Is every algebraic curve birational to a planar curve

Solution 1:

Two curves are birational if and only if their function fields are isomorphic. $k(X)$ has transcendence degree $1$, so pick a transcendental element $x \in X$. Then $k(X)$ is a finite extension of $k(x)$. By the primitive element theorem (in this context a birational version of Noether normalization), there exists a primitive element $y \in k(X)$ such that $k(X) = k(x)[y]$; $y$ satisfies a minimal polynomial $f(x, y) = 0$ over $k[x]$, and the conclusion follows.
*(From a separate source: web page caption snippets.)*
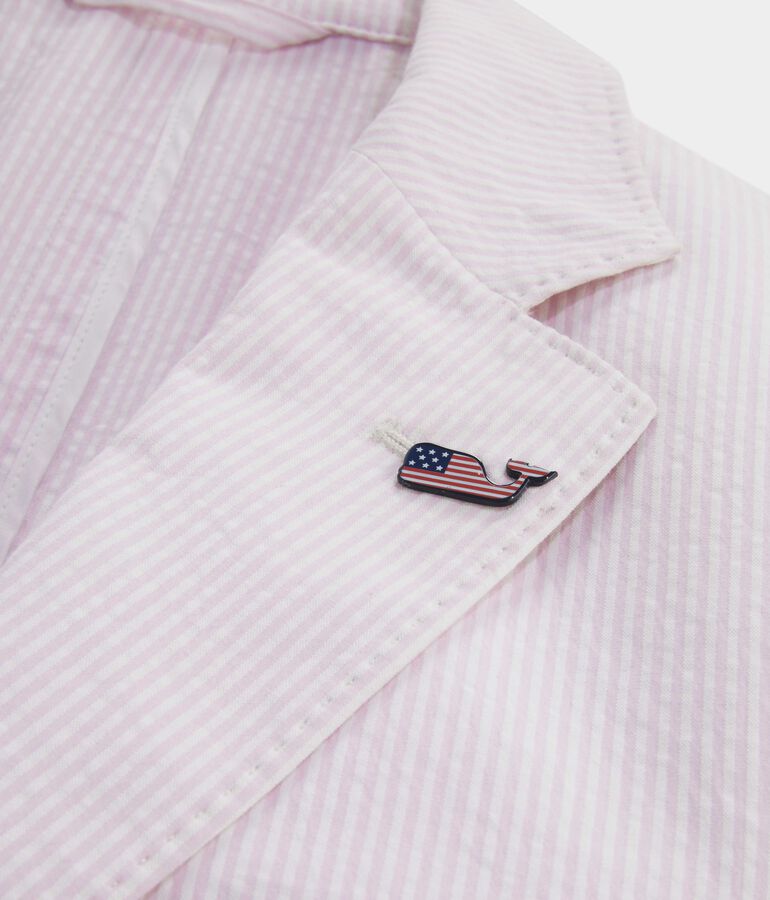 Seersucker Blazer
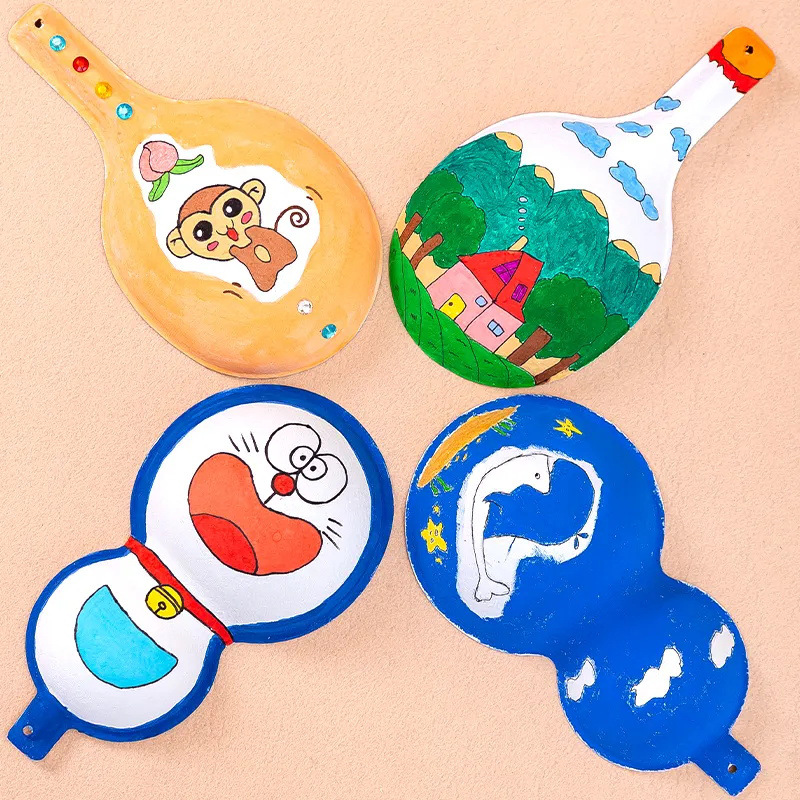 Halloween Children diy mask white hand painted pulp mask children painting face white embryo painted color mask wholesale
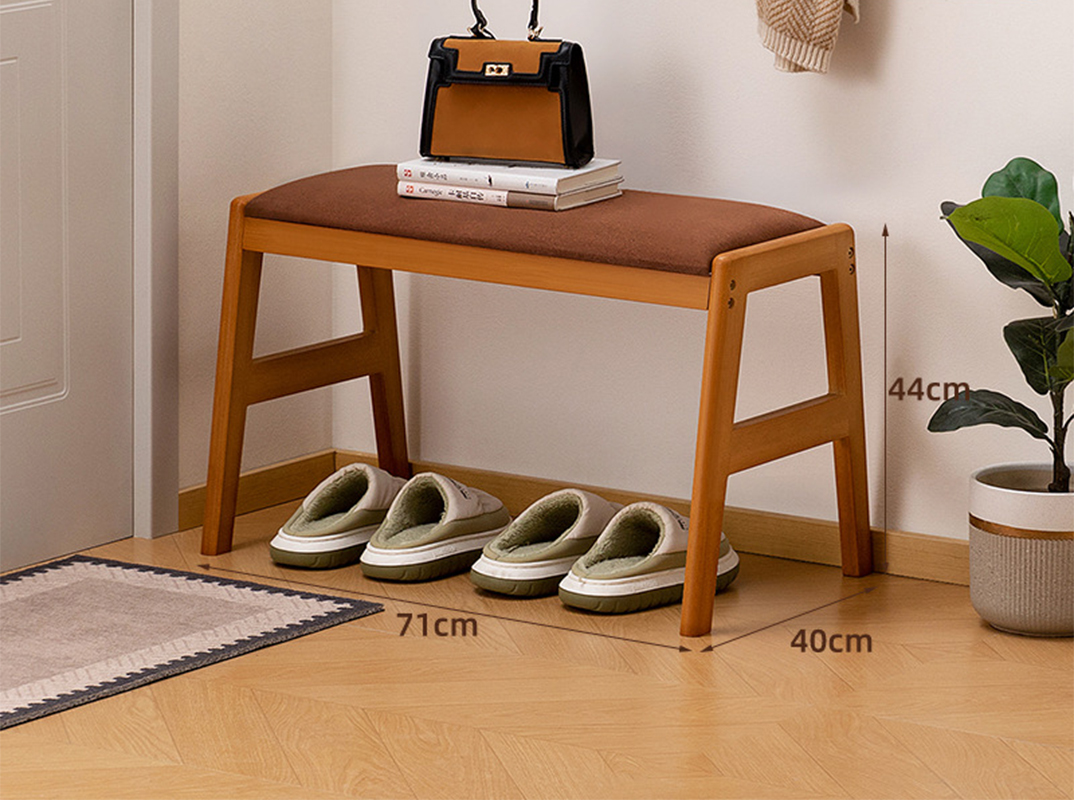 tea brown - 71cm length (coffee brown cushion)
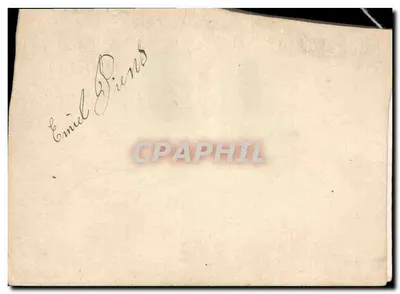 새해 — 파란 꽃 장식 — Émile Piens — 뒷면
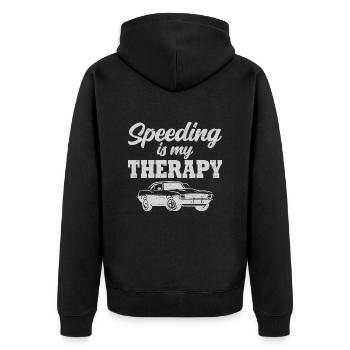 Voiture Humour Vitesse Conducteur Automobiliste - Veste à capuche bio Premium Unisexe - noir - Dos - Nico (187cm)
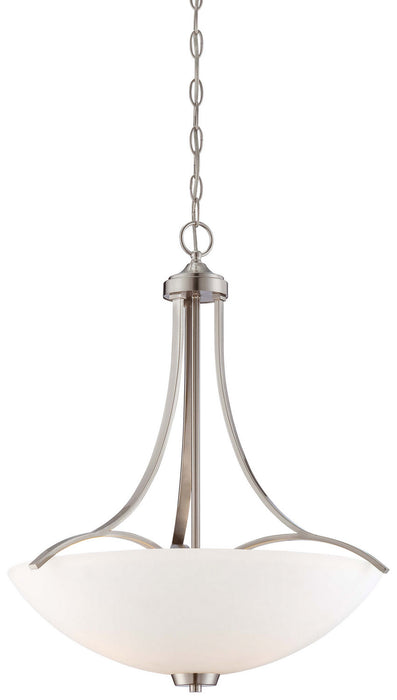 Minka-Lavery 4964-84 Three Light Pendant, Brushed Nickel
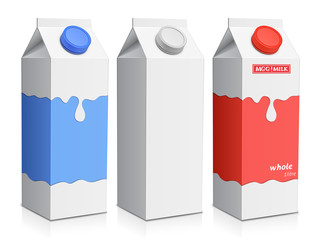 Milk carton with screw cap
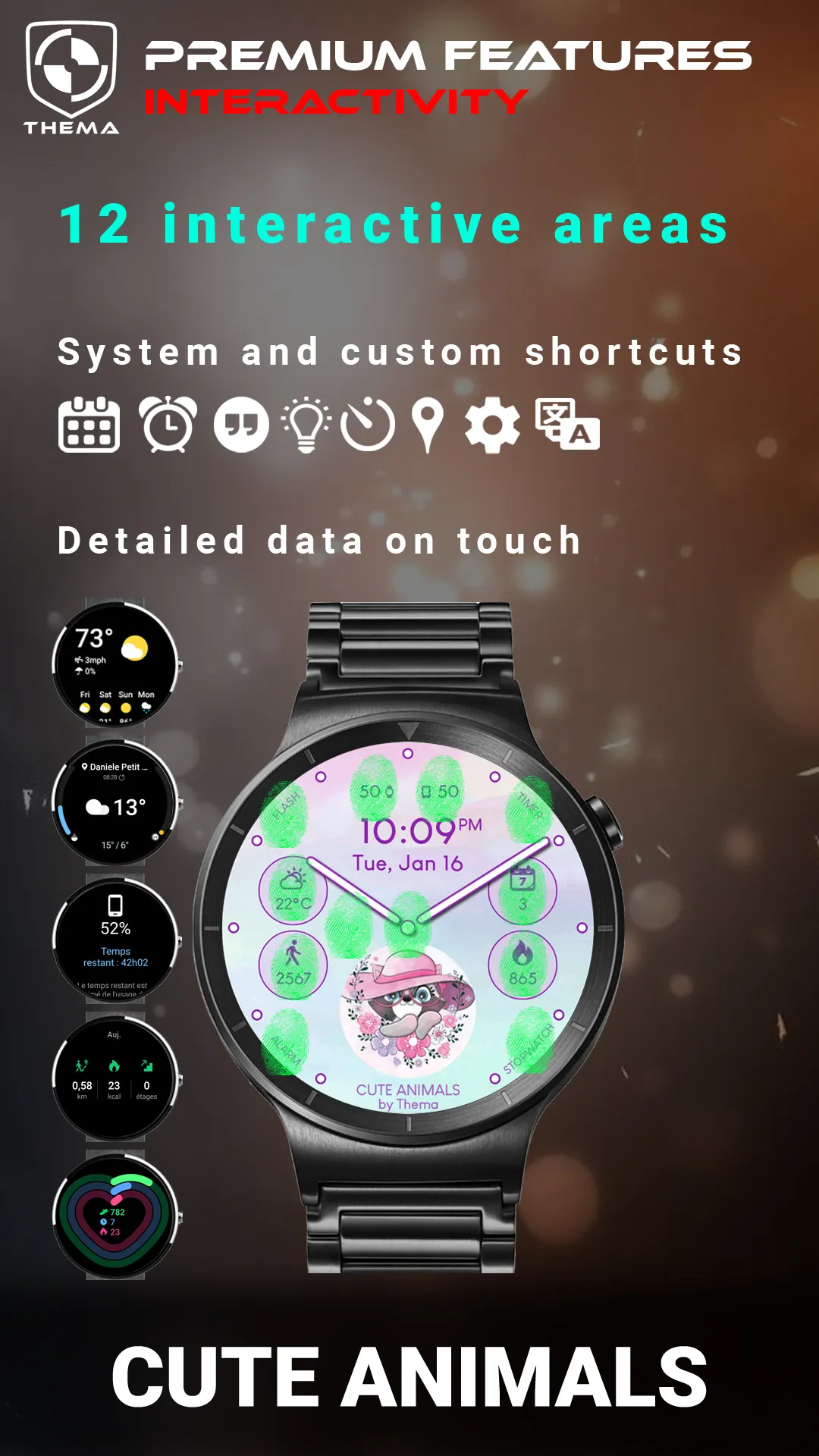 Cute Animals Watch Face | Indus Appstore | Screenshot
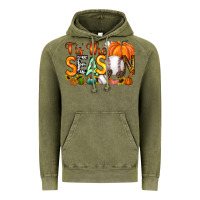 Vintage Olive tis the season baseball Vintage Hoodie - RacoonDesign
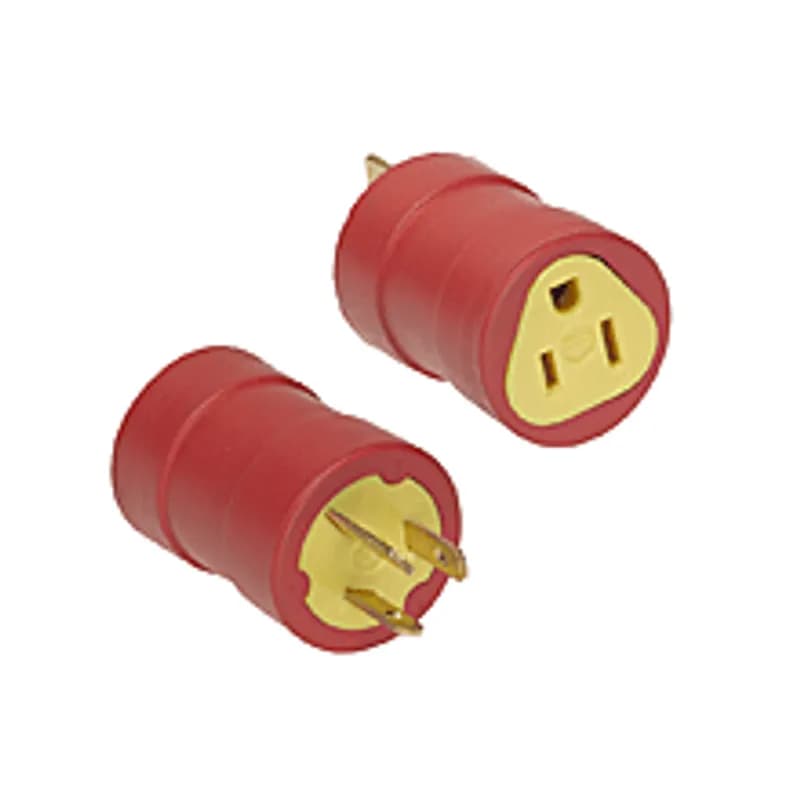 Woodhead 00380 - Safeway® Adapter NEMA 5-15 Receptacle - Female End 15A/125V, NEMA 5-15 Plug - Male End, 15A/125V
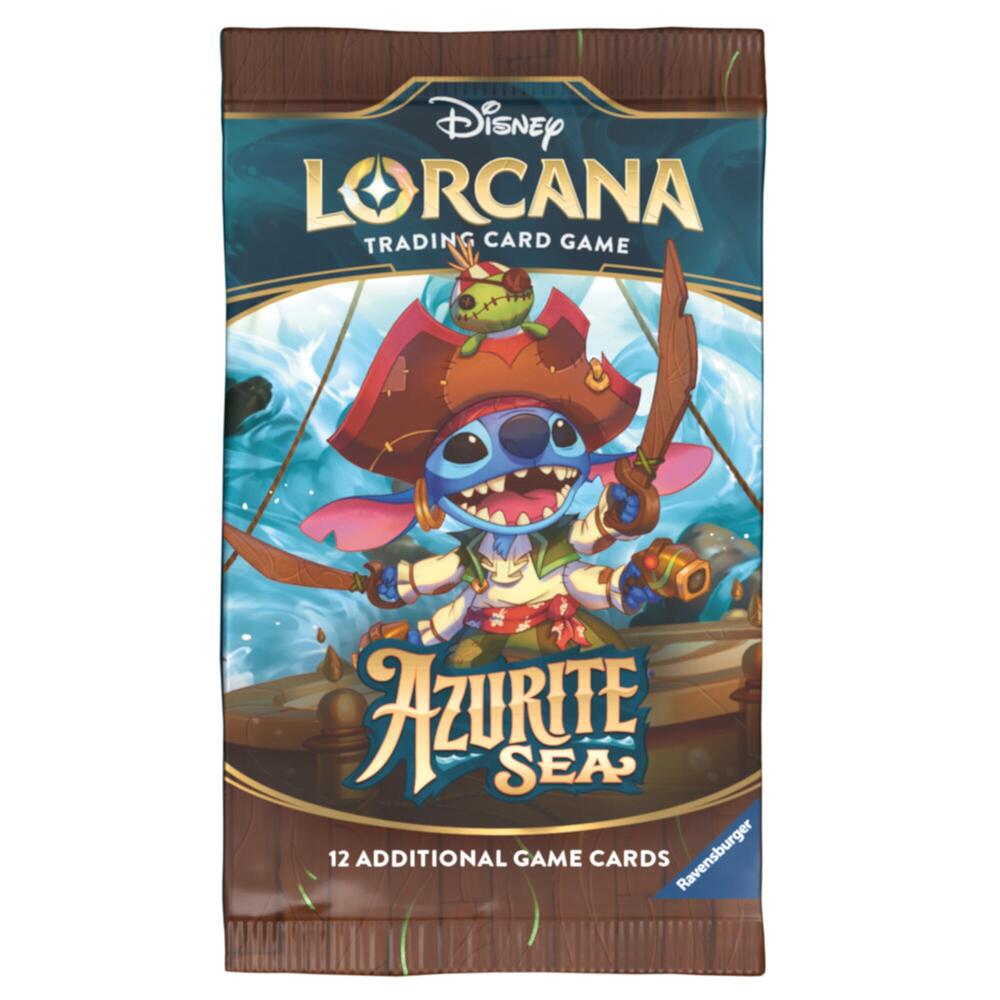 Disney Lorcana TCG: Azurite Sea Boosters (2 options) Trading Card Games Ravensburger AZU Booster Pack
Edit: Above I implicitly assumed that the extension $k(x) \to k(X)$ is separable. This is automatic if $k$ has characteristic $0$. If $k$ has characteristic $p$ we need to choose $x$ more carefully and I am not sure how to do this without going through the characteristic-$p$ proof of Noether normalization.

Solution 2:

To complete Qiaochu's proof in the postive characteristic case:

Let $k$ be perfect of characteristic $p>0$. Let $L\subseteq k(X)$ be a subextension such that $L$ is a finite separable extension of some purely transcendental extension $k(x)$ of $k$. We can suppose $L$ is the biggest possible (for various $x$). Let's prove that $L=k(X)$.

By the maximality of $L$, $k(X)/L$ is purely inseparable (any finite extension is purely inseparable over a separable extension). Suppose $L\neq k(X)$. Then there exists $f\in k(X)\setminus L$ such that $f^p\in L$. Let $$Y^{n}+g_{n-1}(x)Y^{n-1}+\cdots + g_0(x)\in k(x)[Y]\quad (*)$$
be the (separable) irreducible polynomial of $f^p$ over $k(x)$. If $g_i(x)\in k(x^p)$ for all $i$, then $g_i(x)=h_i(x)^p$ because $k$ is perfect. Thus $f$ is a zero of the separable polynomial $$Y^{n}+h_{n-1}(x)Y^{n-1}+\cdots + h_0(x)\in k(x)[T]$$ (note that separable <=> $\notin k(x)[T^p]$), hence $f$ is separable over $k(x)$ and $f\in L$. Contradiction. So at least one $g_i(x) \notin k(x^p)$. Using (*) with $Y=f^p$, we see that $x$ is algebraic and separable over $k(f)$. As $L[f]$ is finite separable over $k(x,f)$ which is finite separable over (the purely transcendental extension) $k(f)$, again by the maximality of $L$, we have $L=L[f]$. Therefore $f\in L$, still contradiction. So we proved $L=k(X)$.